Regarding the climate of the B-17. The temperature of the plane was the same inside as outside. The plane was a thin metal shell. We flew 25,00o to 30,000 feet. My flying was done in the wintertime over Germany. Our plane was between 20 and 40 degrees below zero. Now our cockpit was a little bit warmer as we had the number 2 engine blowing a bit of warm air into the cockpit to keep the windows defrosted unless it was shot out. On three occasions my number 2 engine was shot out, but every time that happened we were already heading home. Now our crew dressed a little differently than we did. They wore what amounted to blue underwear with electric wires running through it under their sheepskin flight suits. These plugged directly into the plane’s electrical system. They worked all right. After the war someone took a look at them (we have one on display here) and said that would make a nice blanket. So that was the beginning of the electric blanket.

Now when I started out I was a co-pilot. When we flew our bombing runs we would spell each other every 15 or 20 minutes. We flew in such tight formation that it was hard work to maintain and we had to spell off frequently. When I flew I always looked at the same spot in front of me. I just tried to keep exactly in formation. I was not afraid when I was flying. When I was not flying, I had time to look al around at all the other planes, and the flak coming at us, the planes falling out of the sky. At times like that I was scared.

I did not talk very much about my service or what I did after the war. My son asked me for the tail numbers of the planes I flew. I researched the planes here. I flew 7 different B-17’s. He made of list of when they were built, the dates when I flew them and when the planes were destroyed. It was astonishing. I did not know what happened to these planes. (gestures with laser pen at wall of B-17 photos showing nose art and indicating his planes) One plane I flew, the Belle, the crew flew for 7 missions. We went on leave. When we came back, the Belle was destroyed. I learned that from this list. (gestures with pointer) this plane, the Royal Flush, was shot down with my crew but I wasn’t with them. I was in the hospital. Does anyone want me to buy them a lottery ticket (laughs). I guess sometimes it’s good to be in the hospital. Of the 7 planes that I flew 6 were destroyed in battle. The only plane that survived was named Johnny Walker. (Laughs) I guess that makes me a scotch man, but I’ve got a good reason I guess.
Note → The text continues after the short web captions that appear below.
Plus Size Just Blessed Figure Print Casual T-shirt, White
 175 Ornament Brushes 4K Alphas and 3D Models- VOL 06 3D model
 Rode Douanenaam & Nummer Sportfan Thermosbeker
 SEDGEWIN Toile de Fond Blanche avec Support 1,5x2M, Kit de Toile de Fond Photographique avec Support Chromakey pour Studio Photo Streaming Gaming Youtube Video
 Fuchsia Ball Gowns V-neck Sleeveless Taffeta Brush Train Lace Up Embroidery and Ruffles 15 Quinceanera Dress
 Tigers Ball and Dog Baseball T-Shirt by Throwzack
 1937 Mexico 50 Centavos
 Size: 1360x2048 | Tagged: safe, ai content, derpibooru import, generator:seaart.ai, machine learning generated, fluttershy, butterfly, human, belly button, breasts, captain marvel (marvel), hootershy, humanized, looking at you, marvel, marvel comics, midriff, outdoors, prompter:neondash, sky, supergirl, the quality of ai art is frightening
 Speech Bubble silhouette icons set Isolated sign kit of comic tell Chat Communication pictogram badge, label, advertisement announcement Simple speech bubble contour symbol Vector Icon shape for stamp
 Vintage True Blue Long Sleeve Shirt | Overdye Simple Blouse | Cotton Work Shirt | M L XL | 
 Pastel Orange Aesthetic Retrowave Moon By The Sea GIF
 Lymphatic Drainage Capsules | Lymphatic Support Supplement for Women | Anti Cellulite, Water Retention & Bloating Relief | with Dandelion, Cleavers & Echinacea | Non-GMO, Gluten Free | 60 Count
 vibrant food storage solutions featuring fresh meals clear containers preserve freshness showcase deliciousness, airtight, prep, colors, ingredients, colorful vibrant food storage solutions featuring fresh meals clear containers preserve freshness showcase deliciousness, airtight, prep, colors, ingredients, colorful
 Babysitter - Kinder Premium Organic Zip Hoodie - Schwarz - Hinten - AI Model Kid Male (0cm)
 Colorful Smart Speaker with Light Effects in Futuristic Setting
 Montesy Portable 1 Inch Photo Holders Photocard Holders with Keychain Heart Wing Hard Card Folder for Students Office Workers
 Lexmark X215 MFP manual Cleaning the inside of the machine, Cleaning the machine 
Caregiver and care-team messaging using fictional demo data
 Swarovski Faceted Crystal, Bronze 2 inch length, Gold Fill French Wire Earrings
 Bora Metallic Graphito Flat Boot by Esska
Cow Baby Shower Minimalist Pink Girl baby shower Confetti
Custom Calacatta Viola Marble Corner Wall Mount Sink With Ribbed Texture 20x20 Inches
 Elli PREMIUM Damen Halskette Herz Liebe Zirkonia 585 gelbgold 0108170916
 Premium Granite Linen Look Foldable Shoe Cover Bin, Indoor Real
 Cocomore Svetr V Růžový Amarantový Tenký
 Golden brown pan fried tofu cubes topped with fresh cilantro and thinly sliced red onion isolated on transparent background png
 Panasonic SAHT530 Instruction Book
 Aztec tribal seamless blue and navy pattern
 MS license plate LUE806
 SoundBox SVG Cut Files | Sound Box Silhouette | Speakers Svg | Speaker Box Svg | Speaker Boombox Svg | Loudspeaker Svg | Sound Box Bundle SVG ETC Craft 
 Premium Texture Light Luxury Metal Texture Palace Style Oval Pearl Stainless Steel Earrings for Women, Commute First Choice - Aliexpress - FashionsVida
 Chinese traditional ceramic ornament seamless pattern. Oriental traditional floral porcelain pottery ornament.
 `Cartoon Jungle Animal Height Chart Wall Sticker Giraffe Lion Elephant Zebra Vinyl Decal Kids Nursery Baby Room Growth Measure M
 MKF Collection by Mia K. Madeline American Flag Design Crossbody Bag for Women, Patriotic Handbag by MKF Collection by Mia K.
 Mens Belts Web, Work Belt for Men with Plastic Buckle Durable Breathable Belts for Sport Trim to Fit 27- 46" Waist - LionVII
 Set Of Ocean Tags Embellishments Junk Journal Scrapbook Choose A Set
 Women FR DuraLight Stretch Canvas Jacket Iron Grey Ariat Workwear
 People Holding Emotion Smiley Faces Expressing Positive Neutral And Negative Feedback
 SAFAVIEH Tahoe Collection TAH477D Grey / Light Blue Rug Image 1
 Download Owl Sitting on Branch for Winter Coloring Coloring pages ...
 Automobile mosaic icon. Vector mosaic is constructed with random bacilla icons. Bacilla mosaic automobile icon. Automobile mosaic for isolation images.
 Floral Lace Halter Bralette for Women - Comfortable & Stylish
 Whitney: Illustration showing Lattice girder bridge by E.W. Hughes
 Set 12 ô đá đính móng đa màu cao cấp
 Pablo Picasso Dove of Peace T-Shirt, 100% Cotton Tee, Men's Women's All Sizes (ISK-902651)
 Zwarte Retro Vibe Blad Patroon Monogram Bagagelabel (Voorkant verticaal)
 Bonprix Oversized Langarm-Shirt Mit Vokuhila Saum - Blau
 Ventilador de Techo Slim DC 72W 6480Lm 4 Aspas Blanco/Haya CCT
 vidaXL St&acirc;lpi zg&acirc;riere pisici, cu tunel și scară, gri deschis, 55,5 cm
I flew my 25 missions but I guess that was not enough.  My last mission was in 1971 in Vietnam. I’m the only 390th pilot that is a member of this museum. I’m grateful to talk to you today and I’m happen to answer your questions. Thank you for coming.”

Colonel Bushong will celebrate his birthday on March 26, 2012. Happy Birthday Colonel and God Bless You.

Richard Bushong, B-17 WWII Pilot

 The community surrounding our museums are extraordinary. I took both my children to this museum, on different days last week. I have an annual membership. ($40.00 and good for the Pima Air Space Museum and nearby Titan Missile Musem). Children 6 and under are free. My experience is that most local museums are humbly priced to make them accessible to families. For non-locals that read this post, look around your community for the historical societies and museums and make history come to life. Tell me, what museums do you support in your community?

Blue Skies,
Mrs. Kenney

I am grateful that we were able to spend some time with Colonel Bushong over spring break. He autographed the book for my sons.